By Breanna SteeleiBerkshires Staff

Students from 10 area high schools are showing works that reflect on climate change at the Clark Art this week. The exhibit will move to Pittsfield and Sheffield later. 

WILLIAMSTOWN, Mass. — Students got to showcase their art at the Clark Art Institute depicting their relationship with the Earth in the time of climate change.

"How Shall We Live," a juried art exhibit, was on display Saturday in the Clark's Hunter Studio at Stone Hill. Students from 10 high schools participated.

Climate educational organization Cooler Communities has hosted this show for the past couple of years at different venues across the Berkshires. This year, it was approached by the Clark to host the show and is co-organizing with Living the Change Berkshires.

This was the first year Cooler Communities, a program of the Harold Grinspoon Charitable Foundation, changed its prompt to make it more personal for the students in hopes to start a conversation in the classrooms on climate change.

"In our work with Cooler Communities, we want to really make conversations about climate change normal, so it doesn't just happen in high school science or in activist circles, but for everyone to feel like they have a role to play, and for everyone to explore what it means for them," said Executive Director Uli Nagel.

"And so that's why the work of classrooms rather than after-school programs, but actually have it in the classroom and then bring it to the community and connect it to solutions. That's why the community is here, and so we always try to actually make it real, but also give kids the opportunity to explore their own emotions and interior experiences through art."
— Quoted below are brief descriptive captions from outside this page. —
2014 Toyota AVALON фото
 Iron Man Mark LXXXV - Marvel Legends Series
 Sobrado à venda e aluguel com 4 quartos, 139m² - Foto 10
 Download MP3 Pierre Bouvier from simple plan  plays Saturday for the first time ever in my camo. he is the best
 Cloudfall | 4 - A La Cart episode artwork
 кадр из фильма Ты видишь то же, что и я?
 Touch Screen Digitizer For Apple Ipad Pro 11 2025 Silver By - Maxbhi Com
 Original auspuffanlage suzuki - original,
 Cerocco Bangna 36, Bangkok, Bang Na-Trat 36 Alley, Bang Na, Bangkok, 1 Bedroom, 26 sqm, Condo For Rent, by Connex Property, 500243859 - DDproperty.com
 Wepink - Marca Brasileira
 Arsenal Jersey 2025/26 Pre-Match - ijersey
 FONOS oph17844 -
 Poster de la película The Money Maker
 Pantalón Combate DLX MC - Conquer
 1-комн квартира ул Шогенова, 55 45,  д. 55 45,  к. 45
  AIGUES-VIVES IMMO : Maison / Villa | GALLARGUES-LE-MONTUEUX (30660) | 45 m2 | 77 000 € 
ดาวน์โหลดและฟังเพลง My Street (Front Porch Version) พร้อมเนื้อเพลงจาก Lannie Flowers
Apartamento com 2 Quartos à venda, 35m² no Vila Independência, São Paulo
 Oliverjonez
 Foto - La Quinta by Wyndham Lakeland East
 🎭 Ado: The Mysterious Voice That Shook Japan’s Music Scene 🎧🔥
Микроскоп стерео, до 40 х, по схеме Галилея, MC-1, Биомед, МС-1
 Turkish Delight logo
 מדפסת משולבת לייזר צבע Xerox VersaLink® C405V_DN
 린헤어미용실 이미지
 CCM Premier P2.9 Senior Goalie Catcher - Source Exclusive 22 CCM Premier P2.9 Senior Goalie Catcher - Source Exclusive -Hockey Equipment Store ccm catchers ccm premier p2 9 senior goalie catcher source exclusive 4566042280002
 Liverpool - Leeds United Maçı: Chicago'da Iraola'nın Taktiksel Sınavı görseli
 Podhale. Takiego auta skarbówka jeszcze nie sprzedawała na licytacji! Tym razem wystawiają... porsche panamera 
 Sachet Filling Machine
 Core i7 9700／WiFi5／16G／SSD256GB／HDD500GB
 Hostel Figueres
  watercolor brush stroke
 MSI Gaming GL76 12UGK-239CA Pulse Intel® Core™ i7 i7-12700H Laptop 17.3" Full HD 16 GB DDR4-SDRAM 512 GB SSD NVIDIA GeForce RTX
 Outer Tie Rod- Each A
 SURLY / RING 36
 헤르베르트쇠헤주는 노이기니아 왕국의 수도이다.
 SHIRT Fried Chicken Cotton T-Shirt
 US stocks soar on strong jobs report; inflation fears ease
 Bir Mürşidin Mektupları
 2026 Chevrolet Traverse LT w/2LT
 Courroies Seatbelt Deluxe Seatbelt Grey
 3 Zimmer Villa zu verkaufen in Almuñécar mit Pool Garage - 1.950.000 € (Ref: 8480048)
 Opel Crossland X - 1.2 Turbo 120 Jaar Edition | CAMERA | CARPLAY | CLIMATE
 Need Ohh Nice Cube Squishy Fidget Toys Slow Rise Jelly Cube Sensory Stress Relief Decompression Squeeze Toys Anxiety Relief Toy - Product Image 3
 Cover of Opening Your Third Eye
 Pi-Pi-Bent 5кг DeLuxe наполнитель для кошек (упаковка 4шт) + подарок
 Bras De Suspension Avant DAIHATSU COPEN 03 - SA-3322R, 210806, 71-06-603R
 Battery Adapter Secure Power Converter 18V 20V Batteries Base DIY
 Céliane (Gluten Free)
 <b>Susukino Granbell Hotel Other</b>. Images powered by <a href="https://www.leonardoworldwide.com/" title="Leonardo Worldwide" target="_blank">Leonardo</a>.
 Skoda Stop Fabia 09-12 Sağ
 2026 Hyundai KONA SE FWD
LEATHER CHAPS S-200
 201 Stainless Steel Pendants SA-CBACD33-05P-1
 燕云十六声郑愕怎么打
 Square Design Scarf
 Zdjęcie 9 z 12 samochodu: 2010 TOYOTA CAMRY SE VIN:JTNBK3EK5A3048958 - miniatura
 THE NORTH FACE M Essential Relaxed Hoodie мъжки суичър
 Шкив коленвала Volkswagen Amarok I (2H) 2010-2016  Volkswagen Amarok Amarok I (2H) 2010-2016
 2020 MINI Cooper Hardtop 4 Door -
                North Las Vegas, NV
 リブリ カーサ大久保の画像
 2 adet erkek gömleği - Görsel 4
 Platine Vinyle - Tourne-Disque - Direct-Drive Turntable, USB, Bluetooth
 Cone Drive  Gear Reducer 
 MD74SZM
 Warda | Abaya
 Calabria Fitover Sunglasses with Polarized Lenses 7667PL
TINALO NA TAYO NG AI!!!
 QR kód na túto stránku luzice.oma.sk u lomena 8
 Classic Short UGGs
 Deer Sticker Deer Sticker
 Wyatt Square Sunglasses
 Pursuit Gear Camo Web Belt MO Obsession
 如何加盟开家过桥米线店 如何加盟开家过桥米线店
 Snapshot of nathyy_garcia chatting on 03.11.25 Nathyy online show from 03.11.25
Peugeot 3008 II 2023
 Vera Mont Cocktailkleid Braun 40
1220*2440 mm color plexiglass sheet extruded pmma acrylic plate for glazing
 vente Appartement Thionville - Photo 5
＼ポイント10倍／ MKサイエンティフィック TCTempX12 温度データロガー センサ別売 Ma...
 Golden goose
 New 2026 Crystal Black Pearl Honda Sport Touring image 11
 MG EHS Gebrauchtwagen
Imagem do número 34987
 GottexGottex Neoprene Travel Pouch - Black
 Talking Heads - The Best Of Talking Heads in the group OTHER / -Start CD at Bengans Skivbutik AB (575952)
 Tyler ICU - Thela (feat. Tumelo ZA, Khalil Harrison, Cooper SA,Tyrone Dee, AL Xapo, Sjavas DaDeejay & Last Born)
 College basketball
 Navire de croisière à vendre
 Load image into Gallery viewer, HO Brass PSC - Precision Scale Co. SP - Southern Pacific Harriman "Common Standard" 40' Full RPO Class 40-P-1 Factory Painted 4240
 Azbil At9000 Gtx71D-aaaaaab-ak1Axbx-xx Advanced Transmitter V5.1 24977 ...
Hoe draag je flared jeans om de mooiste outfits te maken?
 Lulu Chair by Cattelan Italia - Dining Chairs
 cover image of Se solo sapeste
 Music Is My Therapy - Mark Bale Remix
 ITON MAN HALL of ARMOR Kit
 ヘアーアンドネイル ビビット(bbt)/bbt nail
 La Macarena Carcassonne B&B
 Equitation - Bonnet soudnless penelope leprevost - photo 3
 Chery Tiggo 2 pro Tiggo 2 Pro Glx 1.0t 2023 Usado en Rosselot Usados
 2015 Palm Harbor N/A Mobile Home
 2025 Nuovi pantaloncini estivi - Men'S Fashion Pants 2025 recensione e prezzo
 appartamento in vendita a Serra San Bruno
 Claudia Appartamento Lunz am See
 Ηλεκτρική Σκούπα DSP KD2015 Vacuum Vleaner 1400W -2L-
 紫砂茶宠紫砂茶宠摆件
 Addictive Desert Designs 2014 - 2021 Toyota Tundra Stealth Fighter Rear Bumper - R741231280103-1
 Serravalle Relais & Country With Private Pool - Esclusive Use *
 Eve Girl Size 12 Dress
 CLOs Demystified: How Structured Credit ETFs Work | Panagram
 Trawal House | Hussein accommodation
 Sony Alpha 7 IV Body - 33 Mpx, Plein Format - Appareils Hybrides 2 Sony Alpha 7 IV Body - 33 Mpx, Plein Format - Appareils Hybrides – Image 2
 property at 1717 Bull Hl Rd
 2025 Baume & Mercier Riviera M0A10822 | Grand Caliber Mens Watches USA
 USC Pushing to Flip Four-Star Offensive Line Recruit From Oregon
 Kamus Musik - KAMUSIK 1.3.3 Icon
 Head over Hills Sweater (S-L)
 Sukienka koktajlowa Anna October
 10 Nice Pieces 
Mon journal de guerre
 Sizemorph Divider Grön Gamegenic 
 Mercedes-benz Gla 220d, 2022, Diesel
The Clark wanted to expand on its Sensing Nature Program and give students a higher impact experience instead of just the program tour that could help fit the criteria for the students’ portrait of a graduate.

The show had 74 displays as well as an iPad that showed other students’ art that was not showcased in the show, which was around 180 submissions.

Students were asked to respond to one or more elements in the following prompt:

  • What does nature provide?
  • What are the Earth's needs?
  • What matters most?
  • What is resilience?
  • Where do you find guidance and inspiration?

Pittsfield High student Stella Carnevale, 16, made her artwork out of newspaper, Mod Podge, chalk, and watercolors. She drew three sardines showing the effect polluted water had on them and wrote in her artist's note that she wants people to pause and feel empathy while also recognizing their role in protecting the natural world.

"Fish are vital to our world. They balance ecosystems, feed communities, and remind us how deeply connected life on Earth is. When our waters are polluted, fish are often the first to suffer, and their disappearance signals a greater loss that affects us all," she wrote. "Pollution doesn't just damage rivers and oceans; it threatens food sources, cultures, and the health of the planet itself. I make art to bring attention to what is quietly being taken away."

She said it was really cool to see her art hanging in the Clark and never thought it would happen.

Wahconah Regional High student, Alexandra Rougeau, 18, painted a jellyfish in acrylics.

"I started off making a different painting that was very depressing, obviously, because it's climate change, and I got really annoyed because everything was so negative," she said. "And although climate change is a really negative part of the world right now, I want to try to show that there is some hope in it. And that we do have some hope in saving our environment. So the jellyfish is meant to depict fire, global warming, but it's in the ocean and it's rising up, and there is some hope, hopefully at the top, in the surface."

Rougeau said it is an honor to be chosen to have her art here and to see all the other depictions from other students.

Monument Mountain High sophomore Siddy Culbreth painted a landscape in oil pastels and said he was inspired by his grandfather who is a landscaper and wanted to depict "what we should save."

"I was picturing this as a quintessential, it's kind of like epitome of what a nice landscape should be like," he said. "And so in terms of climate change, like how that is kind of shifting, or what our idea of like the world is shifting. And I feel like it's really important to preserve what, like, almost not a perfect world, but, what the world should be like."

Some students from Pittsfield High in Colleen Quinn's ceramics class created a microscopic look of what they thought PCBs looked like and wanted to depict how the polychlorinated biphenyls might have affected them at Allendale Elementary, near disposal site Hill 37. 

Quinn said she is very proud of all her students. 

The show is at the Clark until April 26 and is free and open to the public. It will be moved to Pittsfield City Hall to run from May 1 through June 8, and then to Sheffield's Dewey Hall from June 12 through 21.

It is made possible with support from the Feigenbaum Foundation, Lee Bank, and Greylock Federal Credit Union.